Massachusetts Civil War History and Military Contributions

Massachusetts Civil War History

Massachusetts, Boston Tea Party, Boston Massacre, Civil War contributions, and the All-American State.

Massachusetts was one of the 13 colonies that participated in the American Revolution and it became the sixth U.S. state on February 6, 1788. It was the first state to abolish slavery and according to the 1790 Federal census, no slaves were recorded in the state. Massachusetts was host to the Mayflower and the Plymouth Colony; the Boston Massacre and Boston Tea Party; and the Battles of Lexington and Concord.

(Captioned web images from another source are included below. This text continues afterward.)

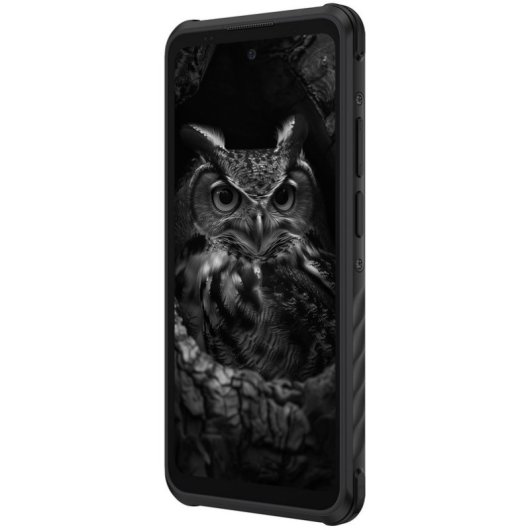 Smartphone robusto Ulefone Armor X31 Pro 5G 8 GB 256 GB Fotocamera Sony 64 MP Visione notturna Nero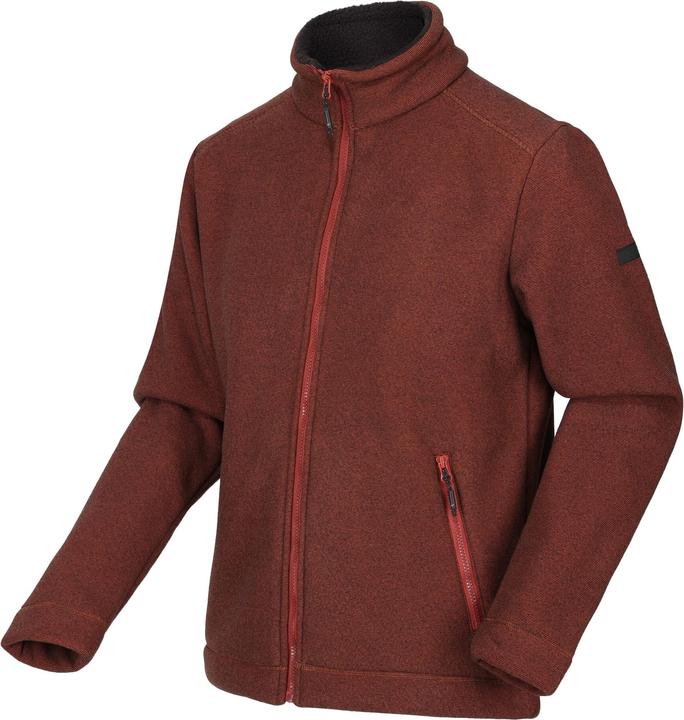 Actual product image Regatta Mens Garrian II Full Zip Fleece Jacket (XXL)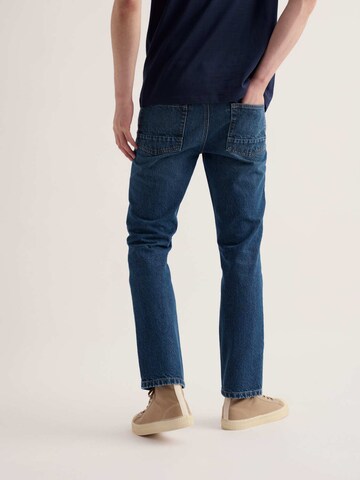 Seasalt Cornwall Regular Jeans 'Messack' in Blauw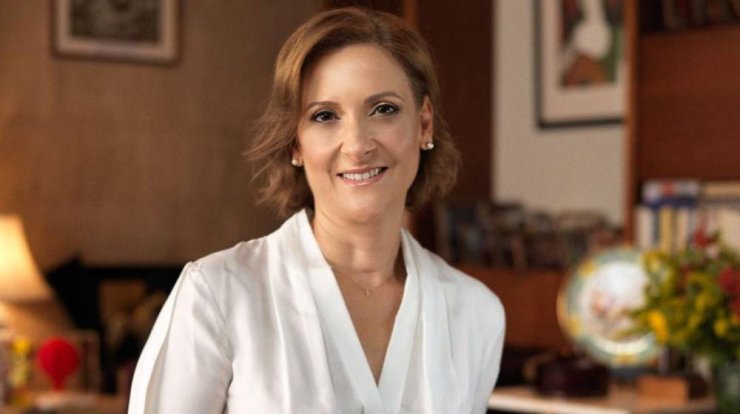 Φιλίππα Καρσερά: Το χειροποίητο δώρο που της χάρισε η αδερφή της [εικόνα]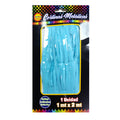 Cortina Pastel Celeste 2m x1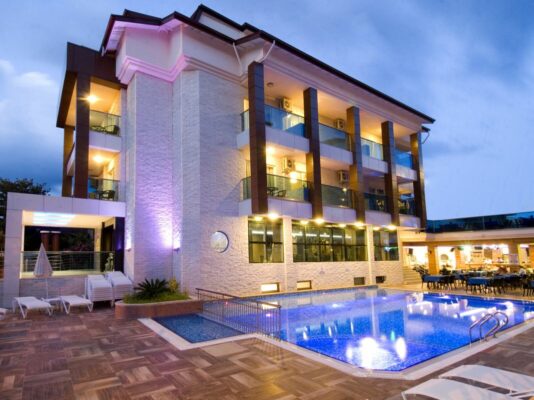 Supreme Marmaris Hotel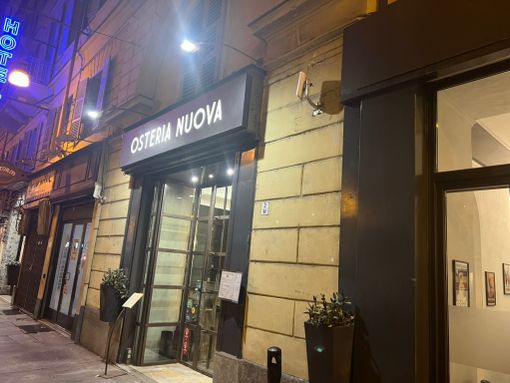 Osteria Nuova: un contesto piacevole e vivace dove gustare una cucina che oscilla tra passato e presente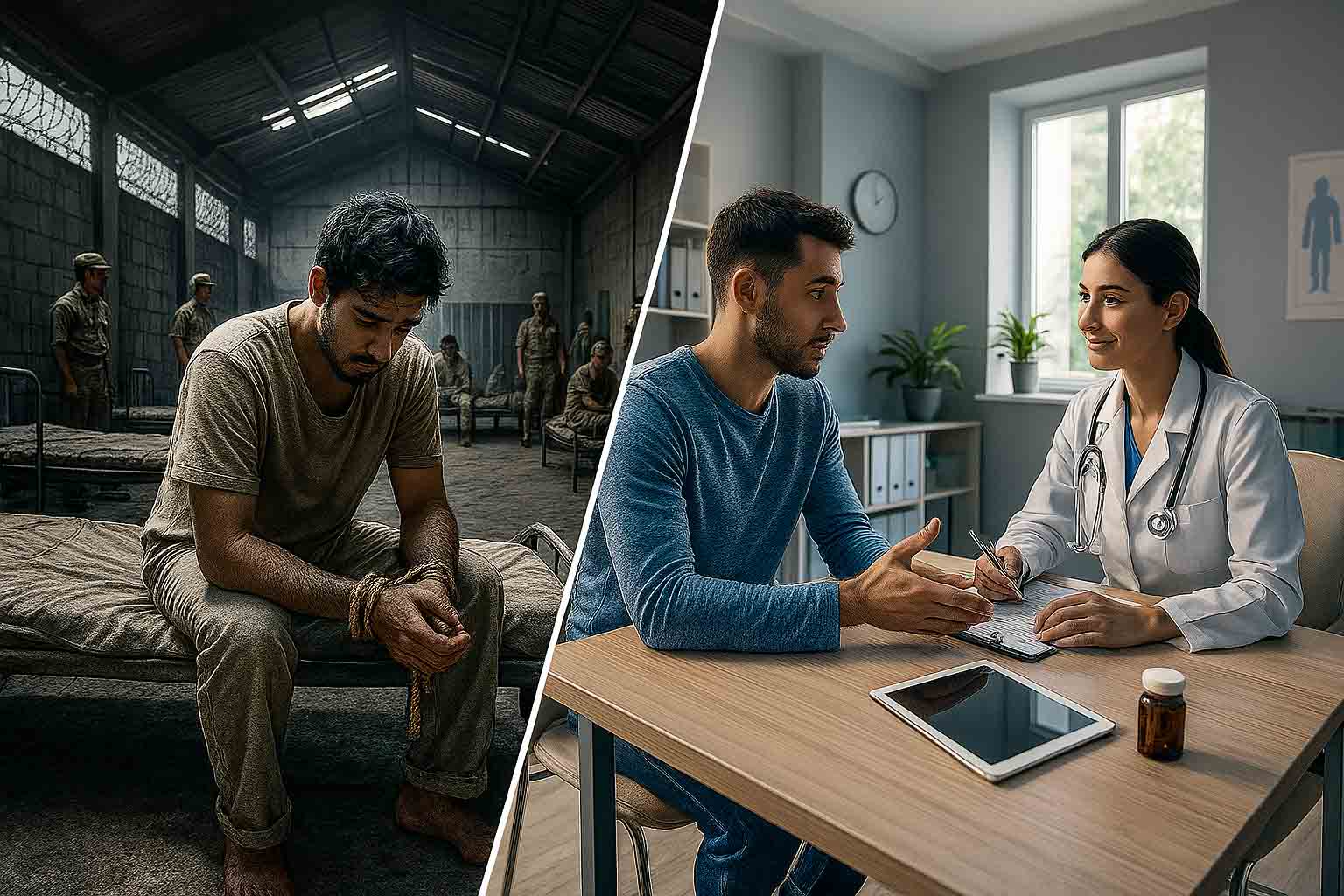 Drug Rehabilitation Center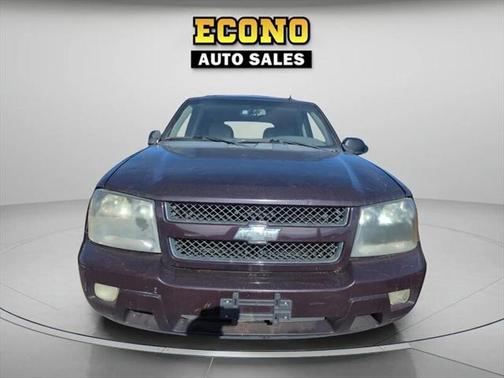 2008 Chevrolet Trailblazer LT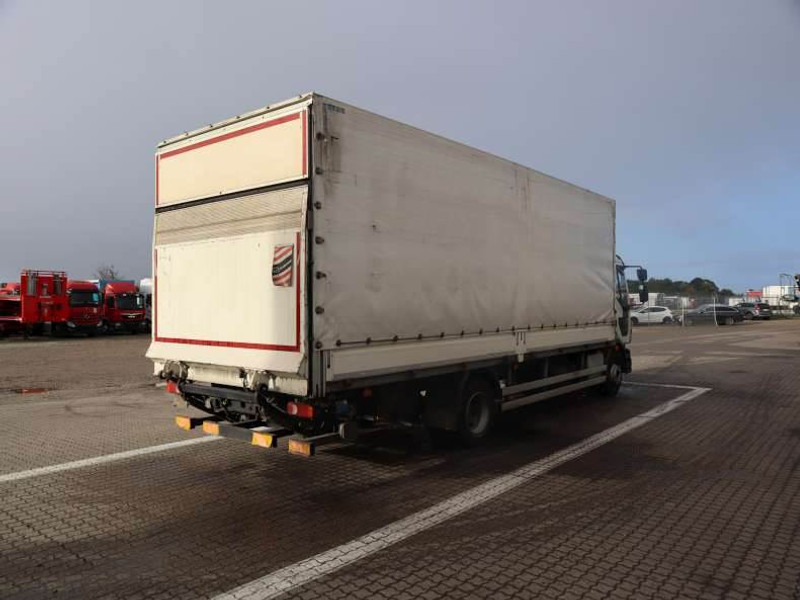 Volvo FL 240 EURO 6 - משאית וילונות צד: תמונה 3 Volvo FL 240 EURO 6 - משאית וילונות צד: תמונה 3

Massachusetts played a major role in Civil War causation, particularly with regard to the political ramifications of the anti-slavery movement. Anti-slavery activists in Massachusetts sought to influence public opinion and applied moral and political pressure on Congress to abolish slavery. William Lloyd Garrison of Boston began publishing the anti-slavery newspaper The Liberator and founded the New England Anti-Slavery Society in 1831, becoming one of the nation’s most influential abolitionists. Garrison and his uncompromising rhetoric provoked a backlash both in the North and South and escalated regional tension prior to the war.
Civil War
According to the 1860 U.S. census, Massachusetts had a population of 1,231,066. Although Massachusetts did not fight any battles on its soil, its soldiers fought in practically every major battle and campaign during the Civil War.
Massachusetts sent a total of 159,165* men to serve in the war. Of these, 133,002 served in the Union Army and 26,163 (includes nearly 6,000 reenlistments) served in the U.S. Navy. The army units raised in Massachusetts consisted of 68 regiments and 47 companies of infantry, 5 regiments and 4 companies of cavalry, 8 companies and 19 batteries of light artillery, 4 regiments of heavy artillery, 2 companies of sharpshooters, a handful of unattached battalions and 26 unattached companies. According to the official statement from the adjutant-general's office, July 15, 1885, the total number of sailors and marines furnished by the various states to the U.S. Navy was 101,207. Of this large number, Massachusetts, being a seaside state, contributed nearly 20,000, or one-fifth, of the nation's total; second only to New York.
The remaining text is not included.